Mary, che insegna alla Scuola d’Arte Cinematografica Gian Maria Volontè, non “veste” i protagonisti ma li modella, ne rafforza le caratteristiche e ne accentua l’essenza. Come ci racconta, in Freaks Out ha potuto esercitare al massimo la sua creatività, realizzando costumi che sono l’incontro tra la più triste delle realtà e la più bella delle fantasie. 

Freaks Out è la storia di quattro amici: Matilde, la “ragazza elettrica”, Cencio, l’albino che controlla gli insetti, Fulvio, l’“uomo lupo”, e Mario, il nano che sa manipolare gli oggetti metallici. Siamo nel 1943 a Roma, quando la Capitale è scenario di bombardamenti e deportazioni. I quattro lavorano in un circo gestito dall’ebreo Israel, che per loro è una sorta di padre. All’aggravarsi della guerra la strada dei Freaks si incrocia con quella di Franz, il pianista nazista con sei dita per mano e poteri di chiaroveggenza che dirige il Zirkus Berlin.

Quale è stato il percorso professionale che ti ha portata a Freaks Out?

Mi sono iscritta all’Accademia di Moda e Costumi di Roma negli anni ’80, in quel periodo in cui un po’ tutti volevano fare gli stilisti. In quegli anni ho avuto la fortuna di conoscere Paola Marchesin, appena diplomata al Centro Sperimentale in Costumi, a cui era stato chiesto di firmare il suo primo film, Mignon è partita di Francesca Archibugi. La produzione aveva poco budget, cercavano un’assistente costumista volontaria ed è così che ho iniziato. Da allora è stato un lungo e costante percorso di che mi ha portato fino a Lo chiamavano Jeeg Robot e poi a Freaks Out, un film che sarebbe stato un invito a nozze per qualsiasi costumista!

In Freaks Out ognuno dei protagonisti è caratterizzato da uno stile unico. Da cosa hai tratto ispirazione?

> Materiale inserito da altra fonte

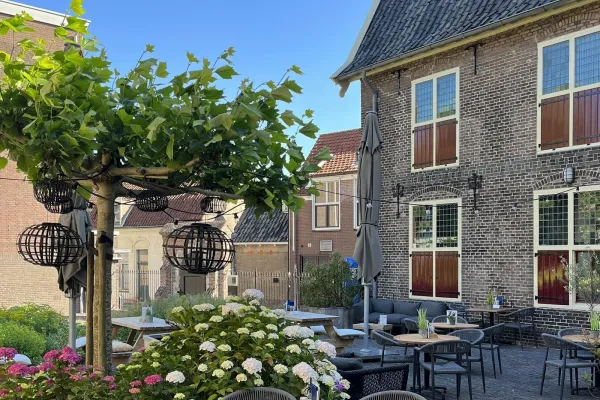 Plein 7 halal restaurant in Woerden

Gabriele Mainetti ci tiene molto a partire dalla ricostruzione di un mondo reale per poi introdurre i suoi temi fantasy. Abbiamo iniziato con una documentazione fedele dell’epoca: dalla deportazione degli ebrei, alla guerra, a Roma devastata. Ogni personaggio aveva già un preciso tema e il costume in questi casi diventa una sorta di sotto-scrittura, un valore aggiunto che ne rafforza l’identità. Per il personaggio di Matilde [interpretata da Aurora Giovinazzo], ad esempio, la richiesta è stata molto precisa: colori freddi perché il suo calore è interno e non superficiale. Per questo ho scelto per lei un cappotto blu in contrasto con i guanti rossi che sono il suo punto di energia. Con Aurora la difficoltà stava anche nel doverla rendere più piccola della sua vera età e per questo l’abbiamo vestita con una gonna con le bretelle, una camicetta semplice e acconciata con delle treccine. Quanto poi alla bombetta che indossa, il primo richiamo è stato ai pilastri del cinema come Charlie Chaplin e Giulietta Masina. Poi con Gabriele abbiamo deciso di conferire a quest’accessorio un significato più profondo ed è diventato una specie di “ombrello paterno” che compie un percorso: parte da Israel [Giorgio Tirabassi], arriva a Matilde e infine a un bambino come segno di speranza per il futuro.

Freaks-Out

Per Cencio [Pietro Castellitto] invece il regista voleva un personaggio un po’ bullo e impolverato: «Lo vorrei come Terence Hill nel film Lo chiamavano Trinità», mi ha detto. E così è stato.

Freaks Out

Anche il personaggio di Mario [Giancarlo Martini] doveva essere reso più infantile, nel film ha un carattere magico e incantato, ma nella realtà a interpretarlo è un uomo adulto, signorile. Per questo abbiamo scelto per lui grandi scarpe, pantaloni alla zuava, giacchetta a quadretti e un fiocco da scolaro che gli conferisse quasi un aspetto clownesco.

Freaks Out

Per Fulvio [Claudio Santamaria] abbiamo voluto creare un personaggio dalla grande eleganza, esemplificata dalla sigaretta con il bocchino e dal pelo curatissimo. Per lui mi sono ispirata a Clark Gable, a mio parere negli anni uno degli attori più eleganti del cinema! Il cappotto ottocentesco di Fulvio è stato un’intuizione. Ho trovato in sartoria questo soprabito fuori epoca ed ho pensato che potesse essere in linea con il suo essere retrò: un uomo colto, che aveva letto libri e che per lungo tempo era rimasto chiuso in una torre.

Freaks Out

Il personaggio più complesso da vestire è stato però Franz [Franz Rogowski], uno showman fissato con l’esercito. La ricerca per lui è stata duplice: da una parte c’è stato uno studio storico sulle divise naziste e dall’altra mi sono ispirata ai grandi frontman del palcoscenico come David Bowie, Mick Jagger e Michael Jackson. La scelta del cilindro che indossa inoltre è stata influenzata in parte dal Ringmaster della Marvel e in parte da Slash, il chitarrista dei Guns N’ Roses.

Freaks Out

Quanto tempo ti ha richiesto questo lavoro di ricerca?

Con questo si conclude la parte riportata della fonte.